Data to process →

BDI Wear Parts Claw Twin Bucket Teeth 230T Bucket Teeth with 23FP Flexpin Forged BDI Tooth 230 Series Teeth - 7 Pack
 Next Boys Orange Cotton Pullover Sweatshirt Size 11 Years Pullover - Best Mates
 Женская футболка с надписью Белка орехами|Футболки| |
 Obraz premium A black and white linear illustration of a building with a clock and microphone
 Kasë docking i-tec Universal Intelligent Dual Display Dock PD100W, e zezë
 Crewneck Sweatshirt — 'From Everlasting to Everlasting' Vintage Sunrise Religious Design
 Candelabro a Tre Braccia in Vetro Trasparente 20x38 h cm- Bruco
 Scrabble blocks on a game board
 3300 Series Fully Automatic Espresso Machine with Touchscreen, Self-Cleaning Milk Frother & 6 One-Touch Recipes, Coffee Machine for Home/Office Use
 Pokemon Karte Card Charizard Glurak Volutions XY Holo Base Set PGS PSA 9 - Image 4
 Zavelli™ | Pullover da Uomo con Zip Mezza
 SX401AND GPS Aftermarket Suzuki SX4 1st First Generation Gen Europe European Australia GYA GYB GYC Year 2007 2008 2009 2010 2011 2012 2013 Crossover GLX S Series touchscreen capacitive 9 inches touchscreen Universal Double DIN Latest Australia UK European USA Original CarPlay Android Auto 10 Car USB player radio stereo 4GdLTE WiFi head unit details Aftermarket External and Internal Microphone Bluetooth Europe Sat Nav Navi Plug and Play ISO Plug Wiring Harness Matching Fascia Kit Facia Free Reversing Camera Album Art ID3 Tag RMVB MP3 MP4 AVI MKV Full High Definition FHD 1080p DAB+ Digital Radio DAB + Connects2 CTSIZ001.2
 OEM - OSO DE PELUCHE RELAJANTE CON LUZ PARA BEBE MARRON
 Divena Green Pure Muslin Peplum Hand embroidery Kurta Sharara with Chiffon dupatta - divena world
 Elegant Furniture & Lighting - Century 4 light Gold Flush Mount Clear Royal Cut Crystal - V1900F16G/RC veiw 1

To do →
Could you quote, exactly as they appear, the line containing "Pokemon Karte Card" and every line after it to the end of the records above?

Problem solution →
 Pokemon Karte Card Charizard Glurak Volutions XY Holo Base Set PGS PSA 9 - Image 4
 Zavelli™ | Pullover da Uomo con Zip Mezza
 SX401AND GPS Aftermarket Suzuki SX4 1st First Generation Gen Europe European Australia GYA GYB GYC Year 2007 2008 2009 2010 2011 2012 2013 Crossover GLX S Series touchscreen capacitive 9 inches touchscreen Universal Double DIN Latest Australia UK European USA Original CarPlay Android Auto 10 Car USB player radio stereo 4GdLTE WiFi head unit details Aftermarket External and Internal Microphone Bluetooth Europe Sat Nav Navi Plug and Play ISO Plug Wiring Harness Matching Fascia Kit Facia Free Reversing Camera Album Art ID3 Tag RMVB MP3 MP4 AVI MKV Full High Definition FHD 1080p DAB+ Digital Radio DAB + Connects2 CTSIZ001.2
 OEM - OSO DE PELUCHE RELAJANTE CON LUZ PARA BEBE MARRON
 Divena Green Pure Muslin Peplum Hand embroidery Kurta Sharara with Chiffon dupatta - divena world
 Elegant Furniture & Lighting - Century 4 light Gold Flush Mount Clear Royal Cut Crystal - V1900F16G/RC veiw 1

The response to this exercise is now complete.